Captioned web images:
"""

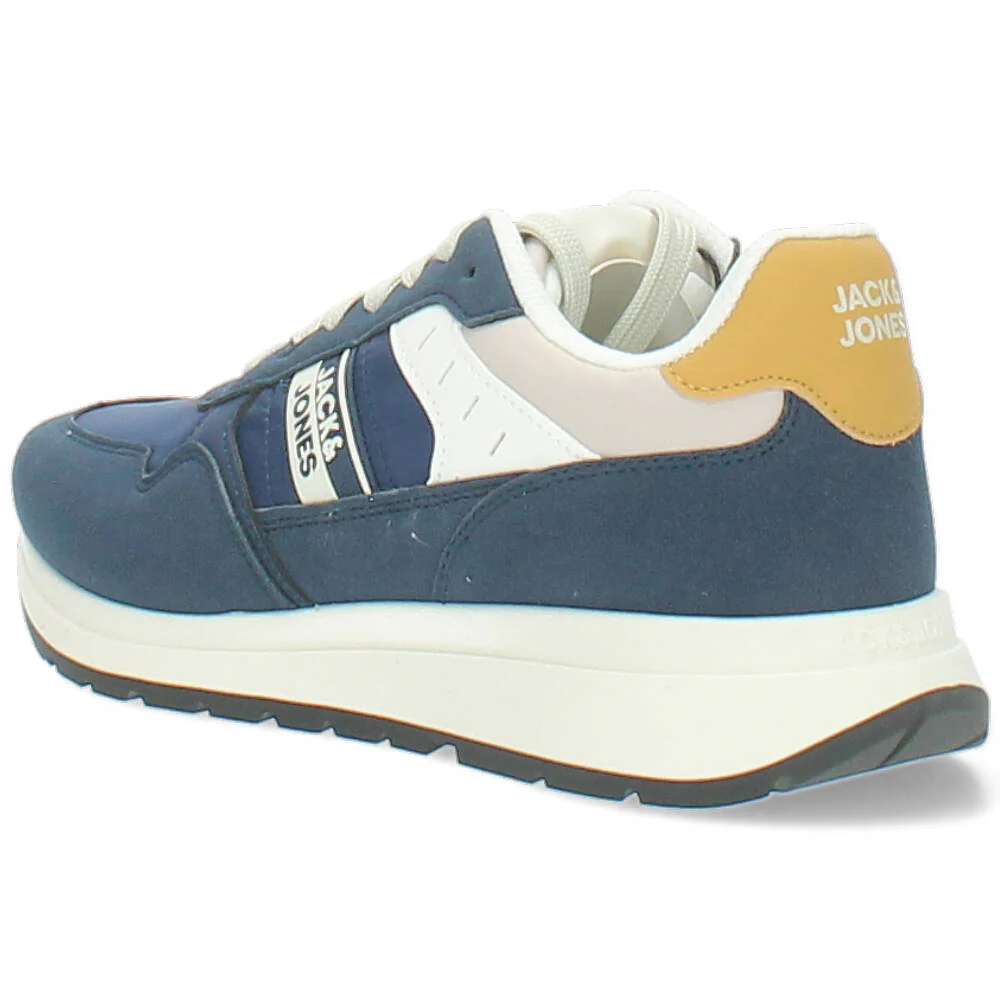 blauwe sneaker - Image 5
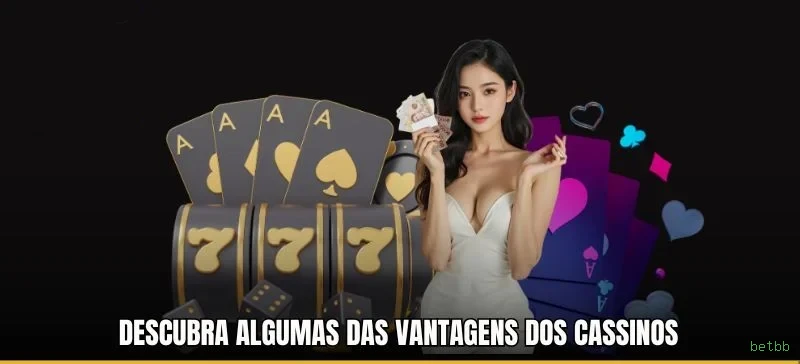 Streaming 4K no cassino ao vivo da betbb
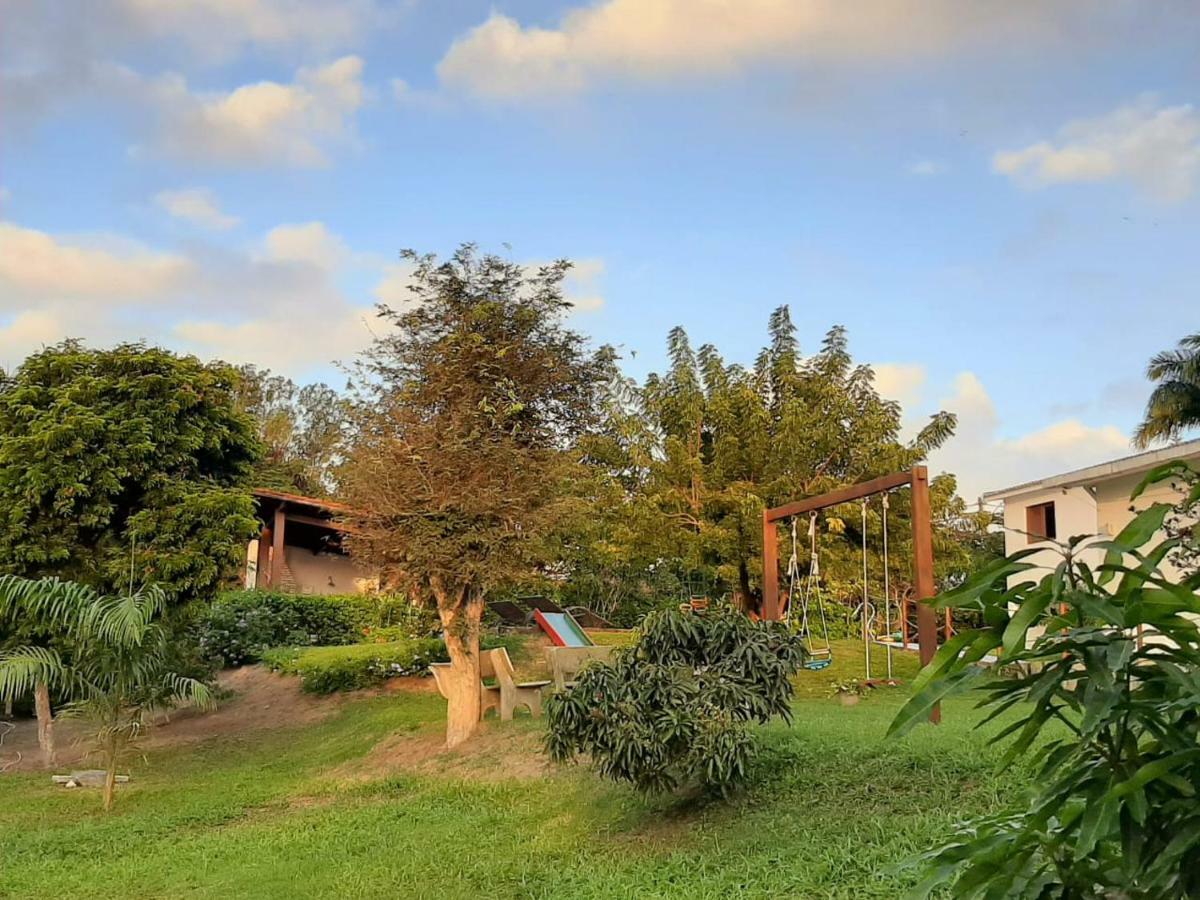 Casa Schneider Hotel Gravata  Luaran gambar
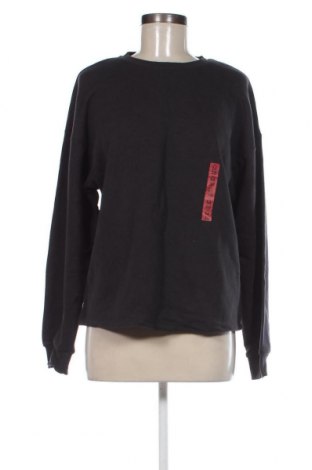 Дамска блуза Pull&Bear, Размер M, Цвят Черен, Цена 8,37 лв.
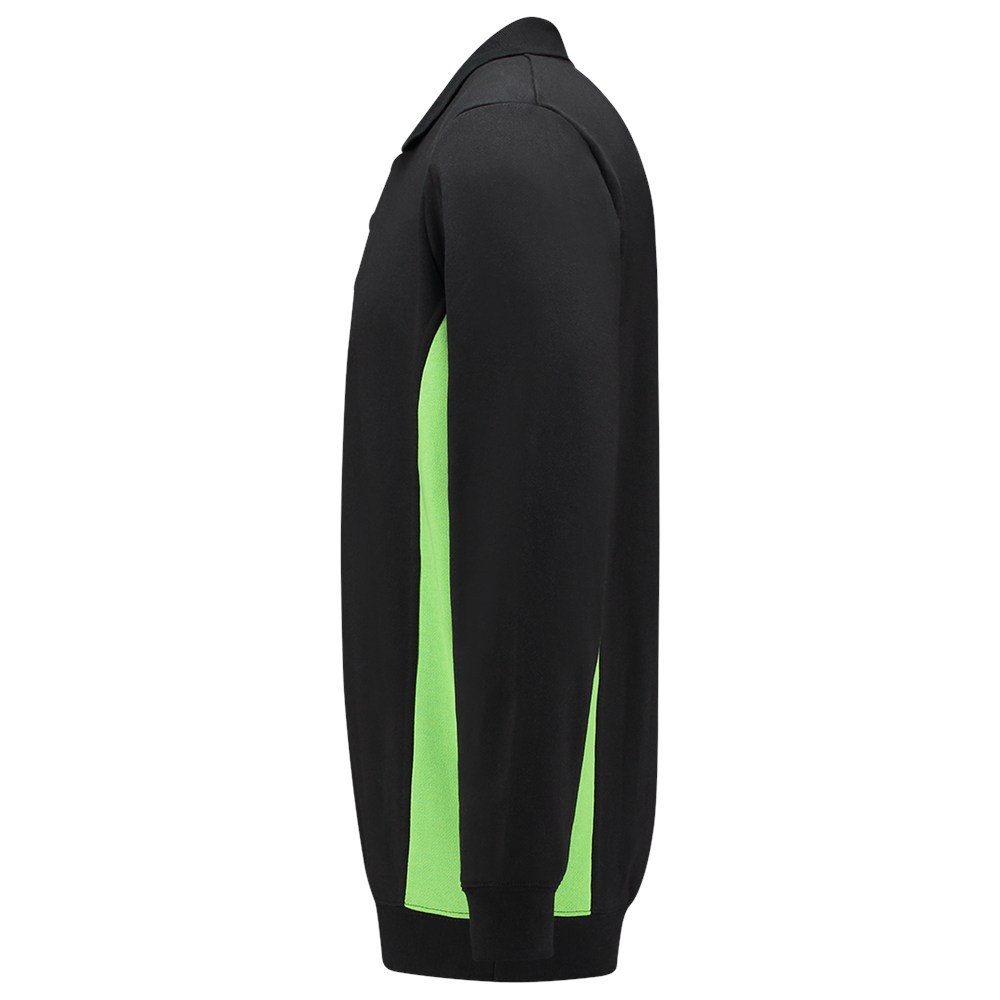 Afbeelding TRICORP WORKWEAR polosweater bicolor 302003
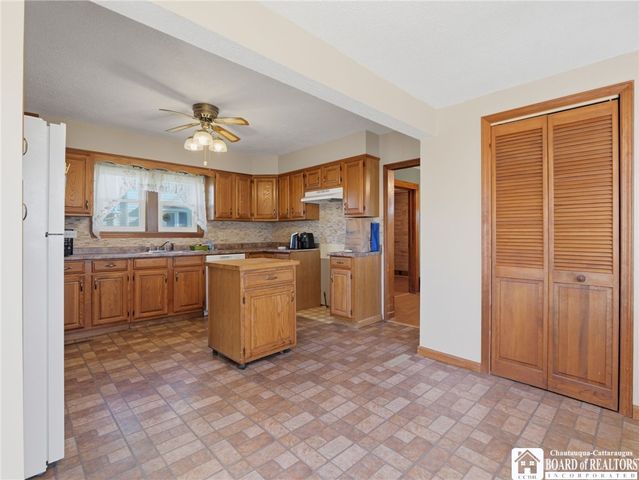 1105 River Street, Olean, NY 14760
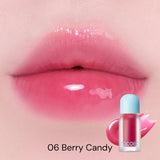 Juicy Berry Plumping Lip Oil Berry Candy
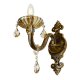 Бра iLamp Asia 81069-1 BR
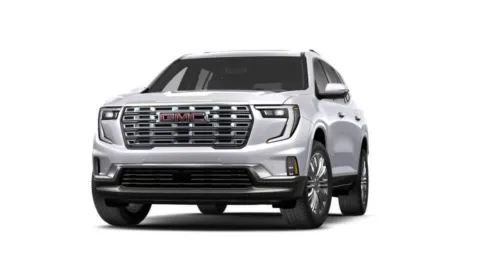 Photos of 2027 GMC Acadia Denali for sale in Hamilton, OH at Tom Gill Buick GMC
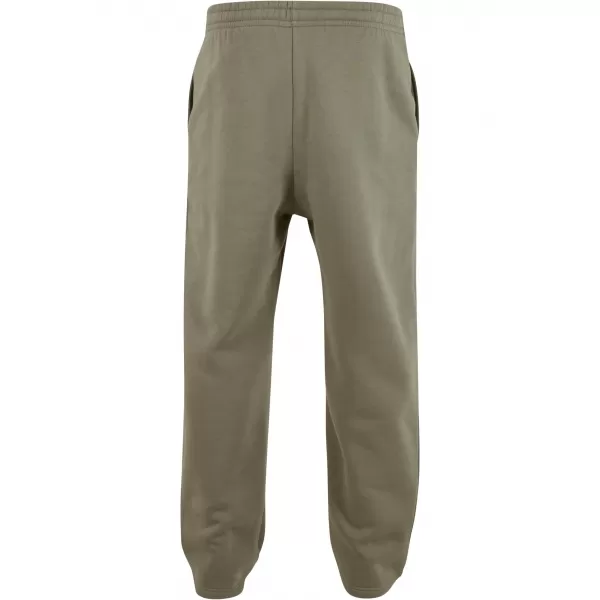  Herren -Traursanzüge URBAN CLASSICS TB7285 BLASSE OLIVE 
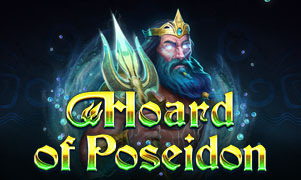 33bet8 Hoard of Poseidon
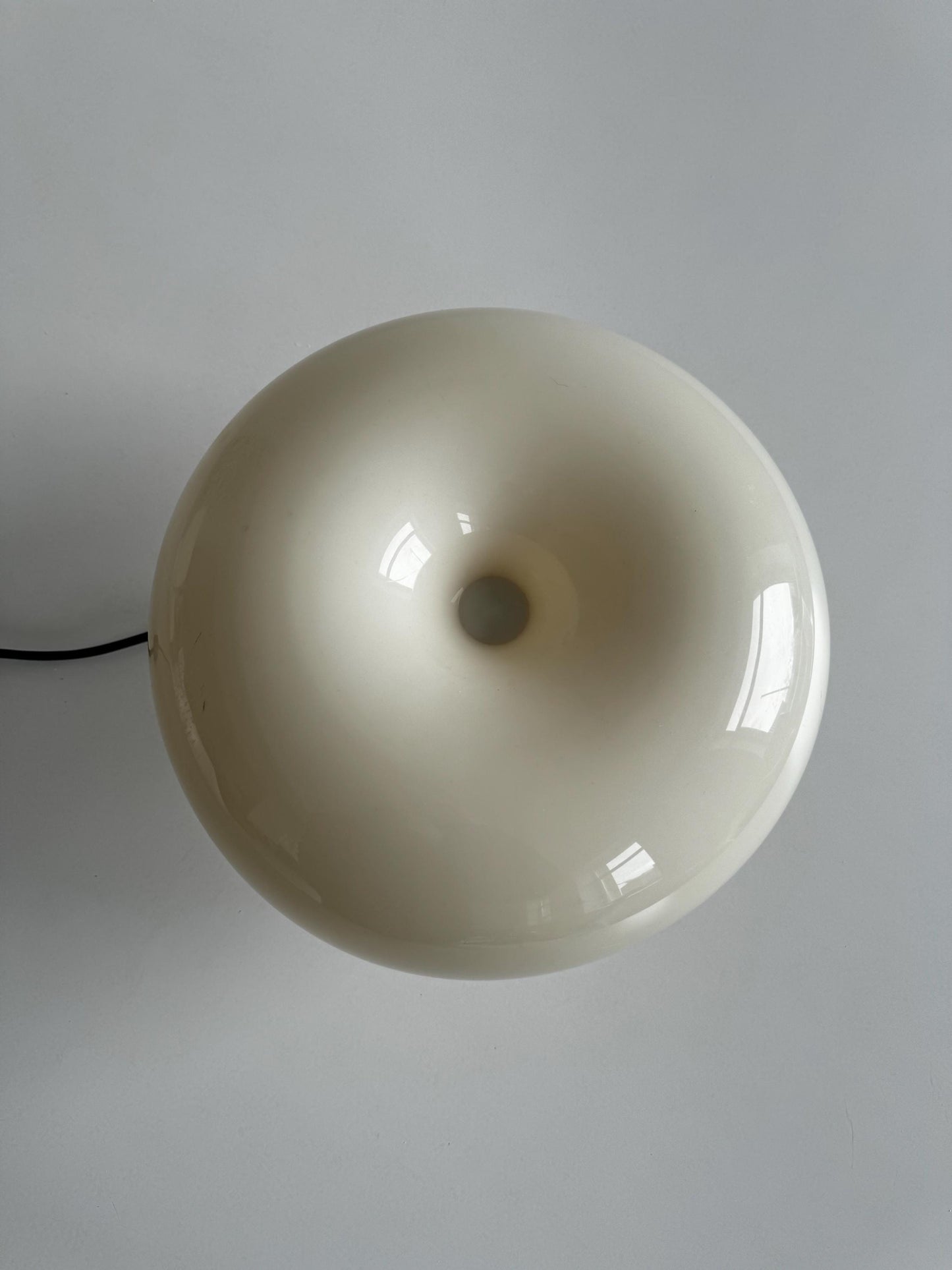 Nesso Table Lamp by Giancarlo Mattioli for Artemide, 1960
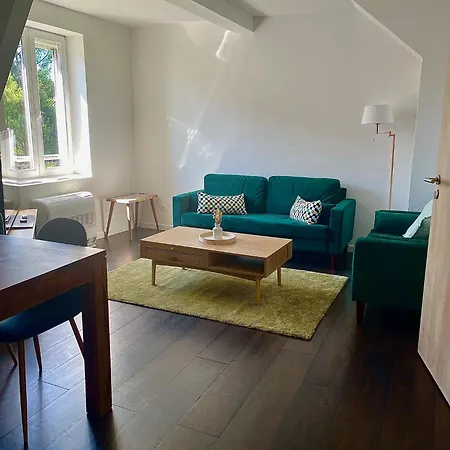 Apartment Le Relais De La Rob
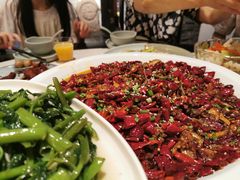 -院8里·小聚园老川菜(九眼桥店)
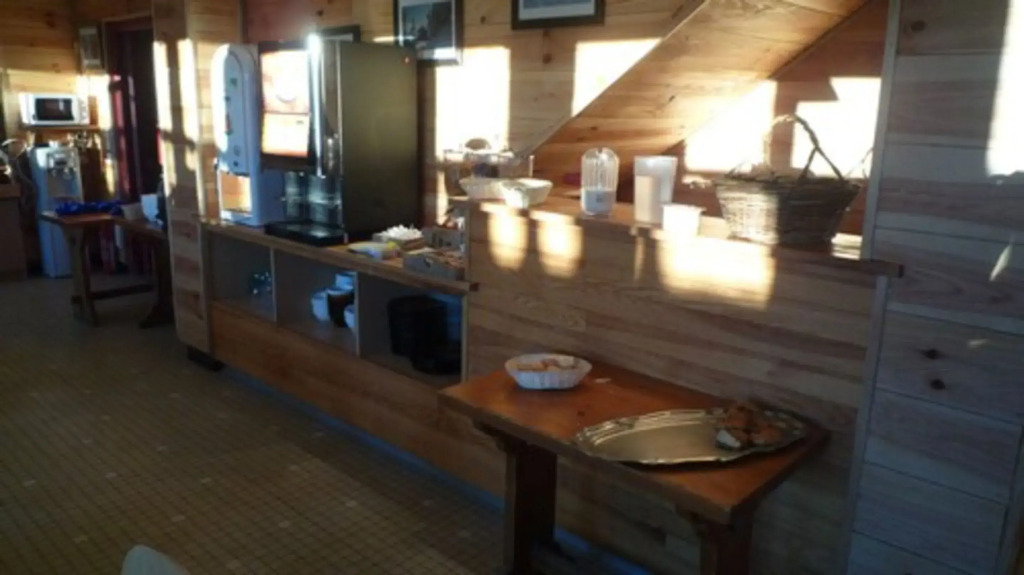 Chalet Ffs Les4vents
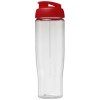 Bouteille de sport H2O Active® Tempo 700ml avec couvercle à clapet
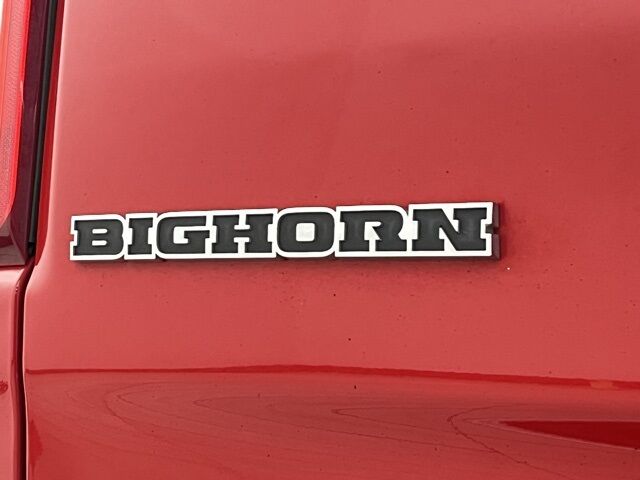 2023 Ram 1500 Big Horn/Lone Star Carrollton TX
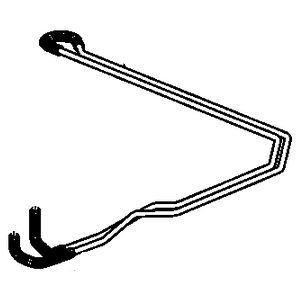 GM 20957915 Pipe Assembly, P/S Fluid Cooling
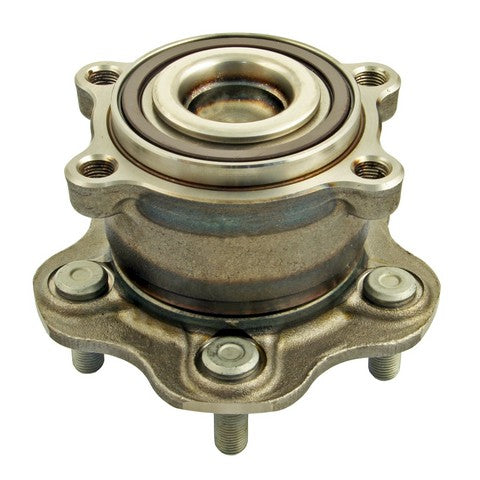 Wheel Bearing and Hub Assembly DT Components 512388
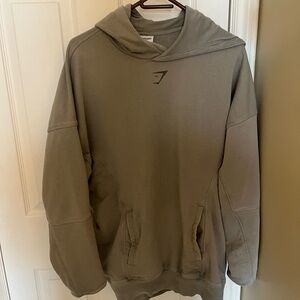 2015 Gym Shark sweater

"""

■ WHAT IS NEEDED
Give the records again exactly, pictures left out.

■ FINISHED EXERCISE
 blauwe sneaker - Image 5
 Streaming 4K no cassino ao vivo da betbb
 Casa Schneider Hotel Gravata  Luaran gambar
 Дамска блуза Pull&Bear, Размер M, Цвят Черен, Цена 8,37 лв.
 Afbeelding TRICORP WORKWEAR polosweater bicolor 302003
 1105 River Street, Olean, NY 14760
 Juicy Berry Plumping Lip Oil Berry Candy
 Бра iLamp Asia 81069-1 BR
 Photos of 2027 GMC Acadia Denali for sale in Hamilton, OH at Tom Gill Buick GMC
  Herren -Traursanzüge URBAN CLASSICS TB7285 BLASSE OLIVE 
 33bet8 Hoard of Poseidon
 Nesso Table Lamp by Giancarlo Mattioli for Artemide, 1960
 Apartment Le Relais De La Rob
 -院8里·小聚园老川菜(九眼桥店)
 Chalet Ffs Les4vents
 Bouteille de sport H2O Active® Tempo 700ml avec couvercle à clapet
 2023 Ram 1500 Big Horn/Lone Star Carrollton TX
 GM 20957915 Pipe Assembly, P/S Fluid Cooling
 Wheel Bearing and Hub Assembly DT Components 512388
 2015 Gym Shark sweater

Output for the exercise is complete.